TASK MATERIAL |
=======
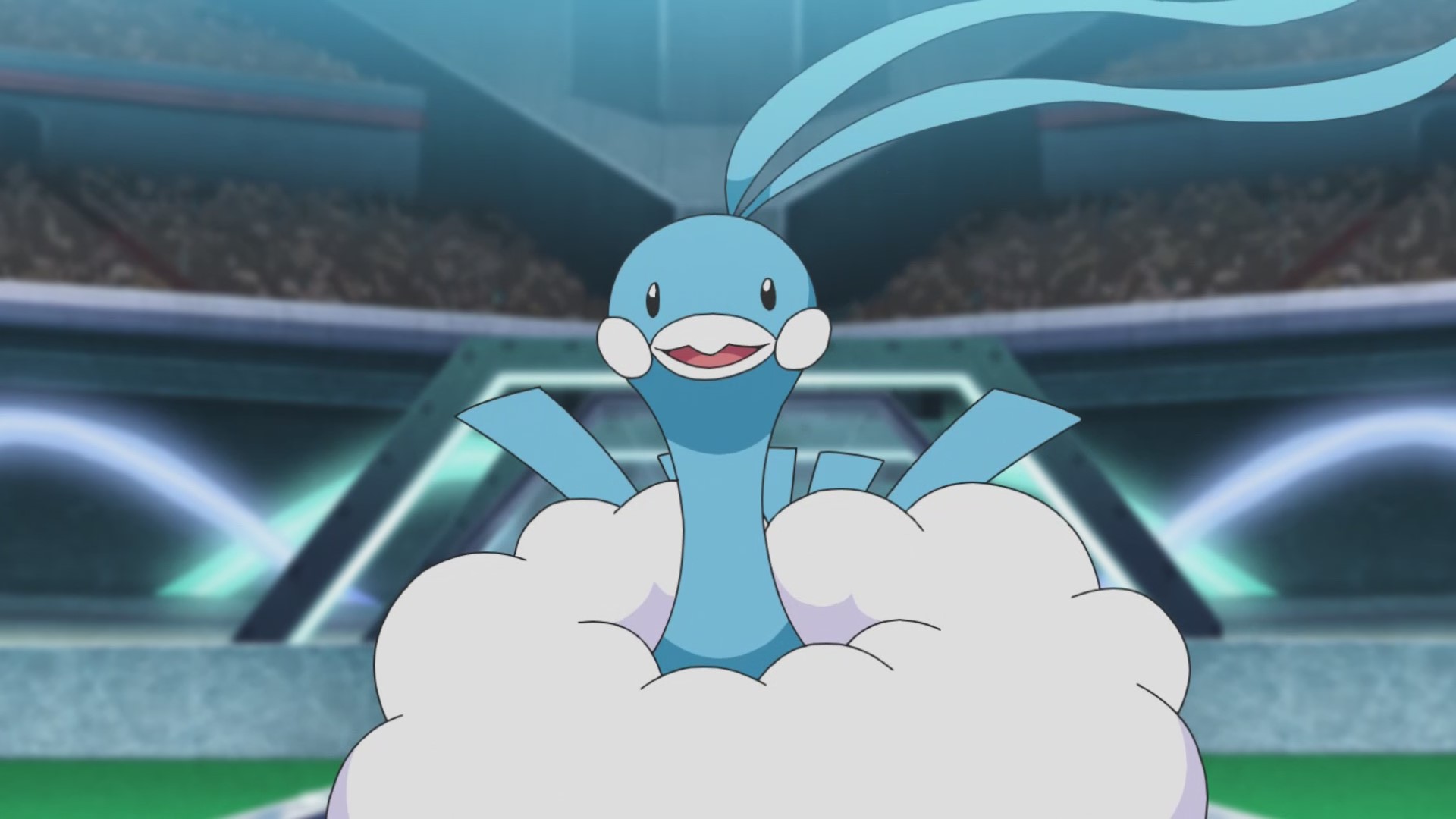 アニメ ポケットモンスター 公式 アニポケ 豆知識 ハミングポケモン チルタリス が空を飛ぶ姿は まるでわた雲のように見えるほどふわふわ ふわふわの羽は攻撃も防御も自由自在 第104話で メガシンカしたチルタリスは ウオノラゴン に じゃれ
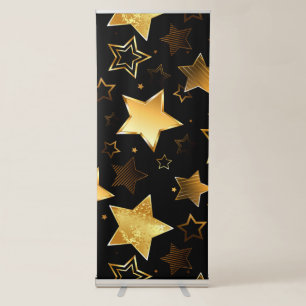 Seamless pattern with Golden Stars Retractable Banner
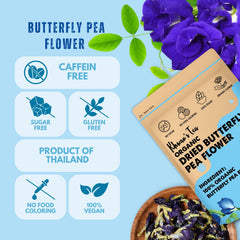 KHWAN'S TEA close-up of dried butterfly pea flowers highlighting texture and purity benefit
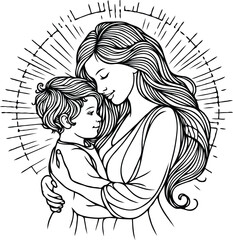 mom and son line art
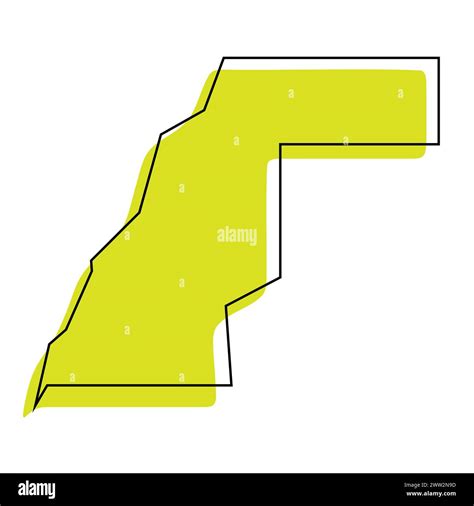 Western Sahara Country Simplified Map Green Silhouette With Thin Black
=======
INSTRUCTIONS FOR THE TASK | Retype all of the material above exactly; the pictures stay out.

OUTPUT FOR THIS EXERCISE |
 アニメ ポケットモンスター 公式 アニポケ 豆知識 ハミングポケモン チルタリス が空を飛ぶ姿は まるでわた雲のように見えるほどふわふわ ふわふわの羽は攻撃も防御も自由自在 第104話で メガシンカしたチルタリスは ウオノラゴン に じゃれ
 Seamless pattern with Golden Stars Retractable Banner
 KHWAN'S TEA close-up of dried butterfly pea flowers highlighting texture and purity benefit
 mom and son line art
 Western Sahara Country Simplified Map Green Silhouette With Thin Black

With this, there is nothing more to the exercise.